Police officers have received new training to detect hidden signs that give paedophiles away

Police trained to spot paedophiles by their clothes and tattoos alone

by Kayleigh Dray |
Published on

Dr Joe Sullivan, an expert who has worked on the Madeleine McCann case, has taught the specialist skills to about 400 police officers in Durham.

Through the Intervene To Protect A Child (IPC) programme, the officers have been told about behavioural signs which could signal a prompt them to consider questioning an individual about their relationship with a child in their care - even if that individual had been spoken to for a different reason.

Certain explicit tattoos, particular clothing and even books may be indicative of someone who has a sexual interest in children.

Dr Sullivan has said he did not want to give more details about the indicators to the public, but that his knowledge has come from interviewing thousands of paedophiles.

Dr Joe Sullivan worked on the Madeleine McCann case
Dr Joe Sullivan worked on the Madeleine McCann case

"I have learned from that they have had to say, what are the key indicators that someone who may not have that level of knowledge may not pick up on.

"This training is about targeting frontline staff who are not working in the arena of child sexual exploitation."

PCSO Adam Grundy has already put his new training to good use after just two weeks, which led to him protecting a five-year-old girl.

He had become concerned after spotting a condom and a Viagra pill at the property of a man in his 80s during a routine call.

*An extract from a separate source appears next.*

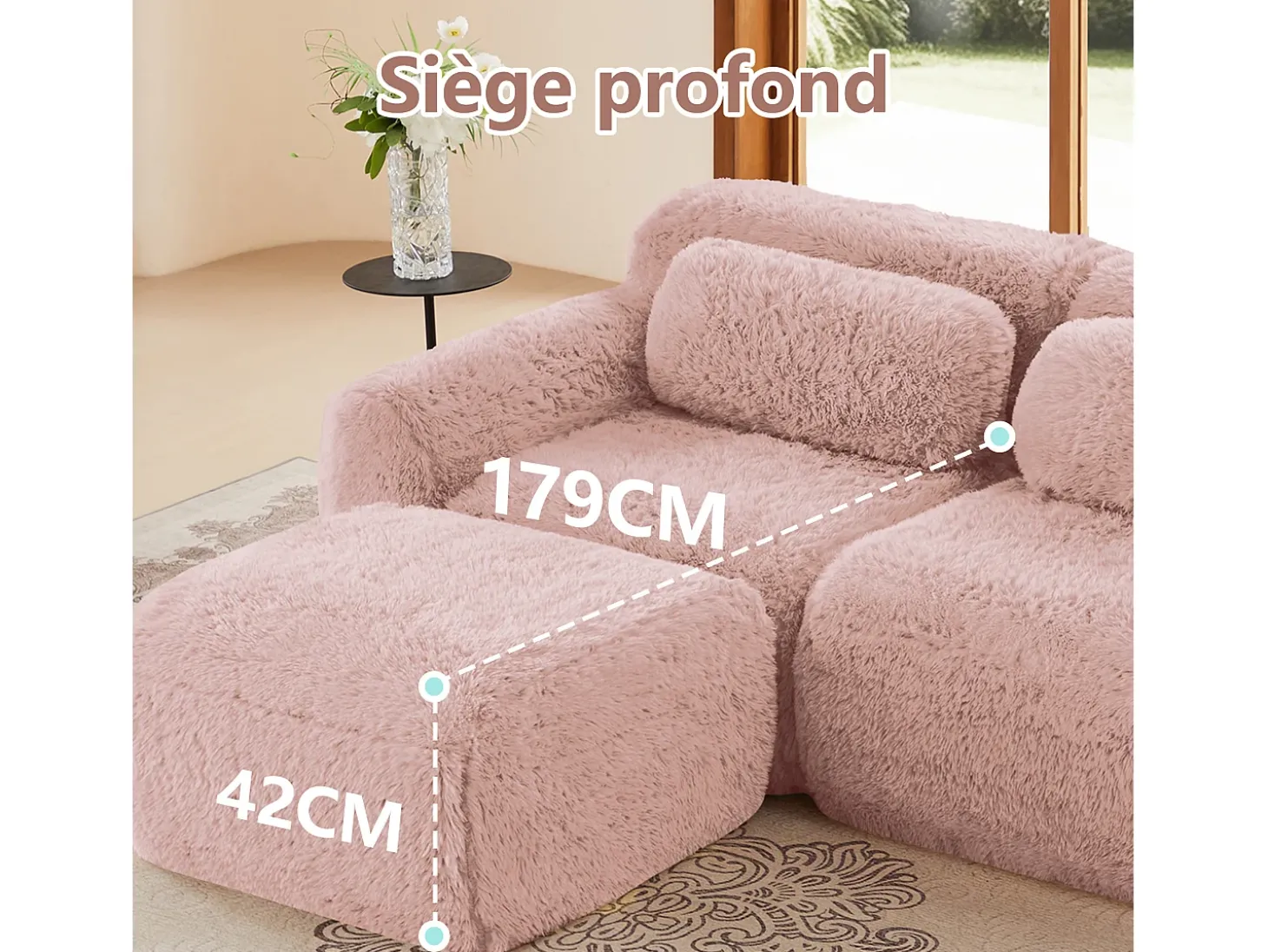 Sofá de Canto Modular em tecido peluche, com 2 puffs e 2 almofadas, 204x179x73cm, Rosa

He said: "This guy was being very evasive with me when normally he would engage. He was very stand-offish and wanted me to leave.

"His personality had completely changed and that was something I referred back to in my training."

Stock image

The PCSO made further investigations which established the man, who had a history of sexual offending against children, was visited by a woman with a young child.

Adam Grundy contacted Social Services and the man was barred from seeing the child.

Speaking about the innovative new training scheme, Durham’s chief constable, Mike Barton, said: "We are giving [officers] the confidence to recognise, if people wear certain clothing, if people have certain tattoos, if people behave in a certain way, that might be an indication.

"When you add these things together, that should give them the confidence to a frontline member of staff to do a bit more digging."